■ What you need to do ■
Whatever appears in the data below, copy it exactly.

■ Records for this exercise ■
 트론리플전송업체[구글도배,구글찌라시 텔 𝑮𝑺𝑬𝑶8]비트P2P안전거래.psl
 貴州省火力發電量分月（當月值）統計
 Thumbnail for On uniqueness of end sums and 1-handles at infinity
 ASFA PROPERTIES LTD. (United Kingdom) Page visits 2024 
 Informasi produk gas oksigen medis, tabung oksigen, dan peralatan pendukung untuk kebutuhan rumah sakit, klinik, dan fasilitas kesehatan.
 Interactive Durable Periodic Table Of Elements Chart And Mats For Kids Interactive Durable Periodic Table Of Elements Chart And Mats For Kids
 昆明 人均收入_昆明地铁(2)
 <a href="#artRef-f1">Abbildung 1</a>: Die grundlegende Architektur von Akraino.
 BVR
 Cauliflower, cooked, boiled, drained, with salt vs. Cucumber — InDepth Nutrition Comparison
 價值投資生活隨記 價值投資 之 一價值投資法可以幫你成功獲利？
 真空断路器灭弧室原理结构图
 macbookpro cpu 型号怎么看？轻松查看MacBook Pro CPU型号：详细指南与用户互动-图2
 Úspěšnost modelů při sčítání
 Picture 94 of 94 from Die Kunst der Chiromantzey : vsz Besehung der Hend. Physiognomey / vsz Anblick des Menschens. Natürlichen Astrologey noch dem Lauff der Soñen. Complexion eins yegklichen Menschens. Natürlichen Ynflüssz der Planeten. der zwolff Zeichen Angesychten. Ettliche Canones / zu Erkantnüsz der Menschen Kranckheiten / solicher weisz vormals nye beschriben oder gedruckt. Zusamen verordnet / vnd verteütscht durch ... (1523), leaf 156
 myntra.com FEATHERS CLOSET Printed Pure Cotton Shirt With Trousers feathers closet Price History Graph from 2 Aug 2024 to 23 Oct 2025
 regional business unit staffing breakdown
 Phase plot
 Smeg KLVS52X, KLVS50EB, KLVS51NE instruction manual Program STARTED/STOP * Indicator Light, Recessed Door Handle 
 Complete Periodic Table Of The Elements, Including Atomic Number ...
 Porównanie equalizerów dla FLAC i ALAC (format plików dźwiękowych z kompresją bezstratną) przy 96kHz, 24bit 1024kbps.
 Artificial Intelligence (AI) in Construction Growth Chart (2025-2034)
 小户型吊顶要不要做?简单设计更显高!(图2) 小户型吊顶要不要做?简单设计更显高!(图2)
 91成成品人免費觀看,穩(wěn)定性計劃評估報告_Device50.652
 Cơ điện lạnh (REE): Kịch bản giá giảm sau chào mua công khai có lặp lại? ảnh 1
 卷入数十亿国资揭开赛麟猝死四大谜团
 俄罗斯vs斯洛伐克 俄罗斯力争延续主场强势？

■ Task response ■
 트론리플전송업체[구글도배,구글찌라시 텔 𝑮𝑺𝑬𝑶8]비트P2P안전거래.psl
 貴州省火力發電量分月（當月值）統計
 Thumbnail for On uniqueness of end sums and 1-handles at infinity
 ASFA PROPERTIES LTD. (United Kingdom) Page visits 2024 
 Informasi produk gas oksigen medis, tabung oksigen, dan peralatan pendukung untuk kebutuhan rumah sakit, klinik, dan fasilitas kesehatan.
 Interactive Durable Periodic Table Of Elements Chart And Mats For Kids Interactive Durable Periodic Table Of Elements Chart And Mats For Kids
 昆明 人均收入_昆明地铁(2)
 <a href="#artRef-f1">Abbildung 1</a>: Die grundlegende Architektur von Akraino.
 BVR
 Cauliflower, cooked, boiled, drained, with salt vs. Cucumber — InDepth Nutrition Comparison
 價值投資生活隨記 價值投資 之 一價值投資法可以幫你成功獲利？
 真空断路器灭弧室原理结构图
 macbookpro cpu 型号怎么看？轻松查看MacBook Pro CPU型号：详细指南与用户互动-图2
 Úspěšnost modelů při sčítání
 Picture 94 of 94 from Die Kunst der Chiromantzey : vsz Besehung der Hend. Physiognomey / vsz Anblick des Menschens. Natürlichen Astrologey noch dem Lauff der Soñen. Complexion eins yegklichen Menschens. Natürlichen Ynflüssz der Planeten. der zwolff Zeichen Angesychten. Ettliche Canones / zu Erkantnüsz der Menschen Kranckheiten / solicher weisz vormals nye beschriben oder gedruckt. Zusamen verordnet / vnd verteütscht durch ... (1523), leaf 156
 myntra.com FEATHERS CLOSET Printed Pure Cotton Shirt With Trousers feathers closet Price History Graph from 2 Aug 2024 to 23 Oct 2025
 regional business unit staffing breakdown
 Phase plot
 Smeg KLVS52X, KLVS50EB, KLVS51NE instruction manual Program STARTED/STOP * Indicator Light, Recessed Door Handle 
 Complete Periodic Table Of The Elements, Including Atomic Number ...
 Porównanie equalizerów dla FLAC i ALAC (format plików dźwiękowych z kompresją bezstratną) przy 96kHz, 24bit 1024kbps.
 Artificial Intelligence (AI) in Construction Growth Chart (2025-2034)
 小户型吊顶要不要做?简单设计更显高!(图2) 小户型吊顶要不要做?简单设计更显高!(图2)
 91成成品人免費觀看,穩(wěn)定性計劃評估報告_Device50.652
 Cơ điện lạnh (REE): Kịch bản giá giảm sau chào mua công khai có lặp lại? ảnh 1
 卷入数十亿国资揭开赛麟猝死四大谜团
 俄罗斯vs斯洛伐克 俄罗斯力争延续主场强势？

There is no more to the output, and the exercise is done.